2

I'm implementing some search algorithm using numpy where one step is to check weather a vector is in a matrix (as row). I used to use np.isin before, but I suddenly become curious will the python keyword in work. I therefore tested it and find it do works.

Since I didn't find any python interface for in (like __add__ for + or __abs__ for abs), I believe in is hard-wired in python by using standard iterator logic, therefore it should be slower compared to the numpy-provided np.isin. But after I did some testing, unbelievably:

>>> a = np.int8(1)
>>> A = np.zeros(2**24, 'b')
>>> %timeit a in A
>>> %timeit np.isin(a, A)
21.7 ms ± 1.58 ms per loop (mean ± std. dev. of 7 runs, 10 loops each)
310 ms ± 20.4 ms per loop (mean ± std. dev. of 7 runs, 1 loop each)

which sais np.isin is 10+ times slower than python in for small data type. I also did a test for big data type

>>> a = np.ones(1, 'V256')
>>> A = np.zeros(2**22, 'V256')
>>> %timeit a in A
>>> %timeit np.isin(a, A)
129 ms ± 12.2 ms per loop (mean ± std. dev. of 7 runs, 1 loop each)
10.5 s ± 184 ms per loop (mean ± std. dev. of 7 runs, 1 loop each)

which sais np.isin is ~100 times slower.

I'm wondering what could be the reason for this. Note since a=1 while A=[0,0,...], the match will have to be done on the whole array. There's no such thing as "early exit" on python side.

EDIT Oh actually there is python interface for in called __contains__. But still why would np.isin be way slower than np.ndarray.__contains__?

ZisIsNotZis
  • 1,570
  • 1
  • 13
  • 30
  • "I therefore tested it and find it do works." - [nope](https://stackoverflow.com/questions/18320624/how-does-contains-work-for-ndarrays). – user2357112 Nov 22 '18 at 04:38
  • "Since I didn't find any python interface for `in`" - [you were probably looking in the wrong places](https://docs.python.org/3/reference/datamodel.html#object.__contains__). – user2357112 Nov 22 '18 at 04:39
  • @user2357112 I know it only works on scalar.
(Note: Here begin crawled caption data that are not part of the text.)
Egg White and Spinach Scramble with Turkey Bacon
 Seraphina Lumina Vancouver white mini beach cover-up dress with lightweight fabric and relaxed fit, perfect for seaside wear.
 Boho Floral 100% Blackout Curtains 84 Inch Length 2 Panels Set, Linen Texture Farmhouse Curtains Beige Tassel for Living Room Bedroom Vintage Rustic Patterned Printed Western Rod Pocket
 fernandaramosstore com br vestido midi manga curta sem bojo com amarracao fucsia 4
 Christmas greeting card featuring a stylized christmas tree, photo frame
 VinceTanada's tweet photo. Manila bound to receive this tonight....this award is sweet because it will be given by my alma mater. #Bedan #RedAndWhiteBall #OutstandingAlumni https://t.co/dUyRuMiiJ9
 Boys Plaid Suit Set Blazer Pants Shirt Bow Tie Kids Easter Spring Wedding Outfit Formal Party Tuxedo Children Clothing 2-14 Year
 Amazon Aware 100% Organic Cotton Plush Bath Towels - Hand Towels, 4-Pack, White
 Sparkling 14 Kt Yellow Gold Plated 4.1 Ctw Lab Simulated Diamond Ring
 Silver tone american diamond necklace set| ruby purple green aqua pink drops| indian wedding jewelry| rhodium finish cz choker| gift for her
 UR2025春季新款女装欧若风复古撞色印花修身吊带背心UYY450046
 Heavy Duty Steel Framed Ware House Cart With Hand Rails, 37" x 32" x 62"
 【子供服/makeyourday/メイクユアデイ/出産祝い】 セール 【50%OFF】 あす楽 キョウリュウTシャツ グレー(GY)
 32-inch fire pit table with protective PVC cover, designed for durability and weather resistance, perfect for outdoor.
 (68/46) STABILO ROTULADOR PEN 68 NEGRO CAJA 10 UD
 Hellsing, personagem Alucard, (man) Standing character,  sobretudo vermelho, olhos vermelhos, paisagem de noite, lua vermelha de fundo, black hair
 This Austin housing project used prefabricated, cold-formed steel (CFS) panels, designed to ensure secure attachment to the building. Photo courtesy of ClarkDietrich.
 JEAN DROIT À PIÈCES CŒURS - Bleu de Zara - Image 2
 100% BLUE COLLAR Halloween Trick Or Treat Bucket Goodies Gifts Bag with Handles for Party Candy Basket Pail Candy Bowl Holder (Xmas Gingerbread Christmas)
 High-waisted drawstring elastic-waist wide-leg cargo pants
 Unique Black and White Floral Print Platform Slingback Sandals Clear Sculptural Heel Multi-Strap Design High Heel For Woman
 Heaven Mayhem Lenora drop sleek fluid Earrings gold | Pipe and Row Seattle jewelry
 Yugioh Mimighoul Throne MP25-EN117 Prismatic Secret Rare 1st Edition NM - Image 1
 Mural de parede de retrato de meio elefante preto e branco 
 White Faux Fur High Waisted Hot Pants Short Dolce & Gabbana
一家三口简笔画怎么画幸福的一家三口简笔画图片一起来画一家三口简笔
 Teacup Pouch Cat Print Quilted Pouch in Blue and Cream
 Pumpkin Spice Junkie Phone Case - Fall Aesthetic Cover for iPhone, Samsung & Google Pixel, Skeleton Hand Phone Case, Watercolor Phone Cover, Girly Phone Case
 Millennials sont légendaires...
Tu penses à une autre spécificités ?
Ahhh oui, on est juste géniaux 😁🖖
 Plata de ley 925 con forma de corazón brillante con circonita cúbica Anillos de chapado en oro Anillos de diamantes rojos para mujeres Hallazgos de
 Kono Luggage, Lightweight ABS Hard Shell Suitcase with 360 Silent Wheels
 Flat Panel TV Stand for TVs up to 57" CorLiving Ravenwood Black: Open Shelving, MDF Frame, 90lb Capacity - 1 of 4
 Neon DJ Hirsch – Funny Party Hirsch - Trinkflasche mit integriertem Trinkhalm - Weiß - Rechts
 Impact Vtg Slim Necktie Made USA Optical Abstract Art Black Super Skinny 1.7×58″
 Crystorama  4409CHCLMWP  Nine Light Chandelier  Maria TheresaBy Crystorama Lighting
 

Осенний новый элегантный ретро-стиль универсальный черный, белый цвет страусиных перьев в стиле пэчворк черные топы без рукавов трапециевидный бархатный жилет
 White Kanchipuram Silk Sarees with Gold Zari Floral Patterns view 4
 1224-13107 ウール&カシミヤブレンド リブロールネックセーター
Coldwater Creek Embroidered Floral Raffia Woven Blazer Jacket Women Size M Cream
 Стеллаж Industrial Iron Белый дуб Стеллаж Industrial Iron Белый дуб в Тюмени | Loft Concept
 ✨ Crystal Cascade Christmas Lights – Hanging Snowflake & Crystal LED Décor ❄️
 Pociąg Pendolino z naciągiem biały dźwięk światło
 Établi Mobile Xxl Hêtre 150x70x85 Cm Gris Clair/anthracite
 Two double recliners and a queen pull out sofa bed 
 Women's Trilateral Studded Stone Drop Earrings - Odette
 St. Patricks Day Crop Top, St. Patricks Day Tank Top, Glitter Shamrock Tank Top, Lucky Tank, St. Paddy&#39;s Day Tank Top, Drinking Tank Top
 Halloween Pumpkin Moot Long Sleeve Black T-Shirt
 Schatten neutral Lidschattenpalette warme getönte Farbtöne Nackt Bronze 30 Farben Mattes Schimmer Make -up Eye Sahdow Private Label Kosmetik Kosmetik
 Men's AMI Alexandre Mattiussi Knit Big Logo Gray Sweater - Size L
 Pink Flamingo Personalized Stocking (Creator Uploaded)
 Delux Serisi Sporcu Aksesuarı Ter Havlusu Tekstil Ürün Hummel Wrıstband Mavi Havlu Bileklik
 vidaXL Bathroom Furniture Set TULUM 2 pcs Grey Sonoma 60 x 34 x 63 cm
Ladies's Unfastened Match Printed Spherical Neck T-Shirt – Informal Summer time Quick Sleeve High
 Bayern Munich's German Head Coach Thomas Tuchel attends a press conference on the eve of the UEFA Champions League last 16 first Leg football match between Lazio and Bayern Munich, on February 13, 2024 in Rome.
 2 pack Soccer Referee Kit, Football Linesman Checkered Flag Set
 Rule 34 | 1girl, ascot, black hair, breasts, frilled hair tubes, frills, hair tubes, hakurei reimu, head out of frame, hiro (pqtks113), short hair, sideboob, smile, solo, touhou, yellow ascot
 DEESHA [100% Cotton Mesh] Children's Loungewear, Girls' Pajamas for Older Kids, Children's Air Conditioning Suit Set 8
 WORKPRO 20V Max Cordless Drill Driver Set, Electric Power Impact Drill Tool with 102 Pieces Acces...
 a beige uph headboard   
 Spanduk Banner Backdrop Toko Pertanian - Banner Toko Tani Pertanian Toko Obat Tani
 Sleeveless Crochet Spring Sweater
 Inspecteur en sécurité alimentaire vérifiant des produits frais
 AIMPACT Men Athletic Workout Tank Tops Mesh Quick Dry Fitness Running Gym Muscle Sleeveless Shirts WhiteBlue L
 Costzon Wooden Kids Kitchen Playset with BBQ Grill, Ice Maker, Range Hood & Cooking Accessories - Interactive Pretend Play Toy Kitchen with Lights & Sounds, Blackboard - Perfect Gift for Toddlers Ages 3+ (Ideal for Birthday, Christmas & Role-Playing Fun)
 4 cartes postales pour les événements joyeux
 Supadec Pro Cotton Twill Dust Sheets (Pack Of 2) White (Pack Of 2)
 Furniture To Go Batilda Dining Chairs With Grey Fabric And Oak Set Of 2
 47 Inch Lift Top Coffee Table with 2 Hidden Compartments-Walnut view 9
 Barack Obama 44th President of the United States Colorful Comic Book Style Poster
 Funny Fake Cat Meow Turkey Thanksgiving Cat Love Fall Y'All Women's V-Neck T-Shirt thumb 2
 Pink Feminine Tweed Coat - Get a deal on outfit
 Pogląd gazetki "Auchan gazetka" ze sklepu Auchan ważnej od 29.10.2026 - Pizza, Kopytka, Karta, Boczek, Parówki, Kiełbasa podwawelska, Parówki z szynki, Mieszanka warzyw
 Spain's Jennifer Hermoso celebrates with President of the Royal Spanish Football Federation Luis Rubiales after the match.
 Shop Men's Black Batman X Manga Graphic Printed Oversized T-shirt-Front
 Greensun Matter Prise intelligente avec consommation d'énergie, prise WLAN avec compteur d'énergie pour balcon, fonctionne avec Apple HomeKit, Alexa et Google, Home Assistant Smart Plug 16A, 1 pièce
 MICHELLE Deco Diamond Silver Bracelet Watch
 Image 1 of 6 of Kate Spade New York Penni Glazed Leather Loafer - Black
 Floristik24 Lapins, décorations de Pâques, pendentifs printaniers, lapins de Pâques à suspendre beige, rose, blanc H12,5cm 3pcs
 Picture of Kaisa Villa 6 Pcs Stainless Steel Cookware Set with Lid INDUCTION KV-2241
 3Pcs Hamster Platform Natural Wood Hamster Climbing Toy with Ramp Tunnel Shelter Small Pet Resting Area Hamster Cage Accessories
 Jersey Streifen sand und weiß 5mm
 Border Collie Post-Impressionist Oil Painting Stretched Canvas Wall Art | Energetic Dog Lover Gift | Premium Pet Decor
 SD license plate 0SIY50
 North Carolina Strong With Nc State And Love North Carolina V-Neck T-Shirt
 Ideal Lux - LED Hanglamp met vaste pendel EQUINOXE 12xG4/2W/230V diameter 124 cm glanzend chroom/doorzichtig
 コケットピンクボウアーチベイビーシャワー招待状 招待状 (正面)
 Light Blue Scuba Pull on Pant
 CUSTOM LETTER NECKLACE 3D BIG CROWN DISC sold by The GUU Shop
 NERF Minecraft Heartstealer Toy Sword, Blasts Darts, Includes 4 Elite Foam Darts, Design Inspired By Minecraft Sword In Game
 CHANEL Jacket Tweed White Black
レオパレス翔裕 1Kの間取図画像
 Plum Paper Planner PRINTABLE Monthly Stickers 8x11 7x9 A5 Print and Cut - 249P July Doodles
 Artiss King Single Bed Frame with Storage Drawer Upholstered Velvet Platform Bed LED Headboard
You can make it work by viewing the rows as a scalar. Therefore it becomes identical to testing `in` on `VsomeNumber` data type – ZisIsNotZis Nov 22 '18 at 04:41
  • `isin` is Python code which you can read. Or read the whole `arraysetops.py`. I think this code is written more for convenience than for performance. Arrays aren't optimal for search tasks. – hpaulj Nov 22 '18 at 06:49

2 Answers2

6

numpy.ndarray.__contains__ is basically just (elem == arr).any() (even when that doesn't make sense). You can take a look at the source, which is very short and simple for a NumPy C routine.

numpy.isin broadcasts over its left operand, and it's optimized for efficiency in the broadcasting case. For a small left operand, it will use an approach based on sorting, which is overkill for a scalar. It currently has no fast path for the left operand being a scalar, or for the left hand being an array small enough that sorting is more expensive than a naive approach.

user2357112
  • 260,549
  • 28
  • 431
  • 505
-2

My answer is not as asked. May be give you some idea. Generally, the big idea behind getting good performance from numpy is to amortize the cost of the interpreter over many elements at a time. In other words, move the loops from python code (slow) into C/Fortran loops somewhere in the numpy/BLAS/LAPACK/etc. internals (fast). If you succeed in that operation (called vectorization) performance will usually be quite good.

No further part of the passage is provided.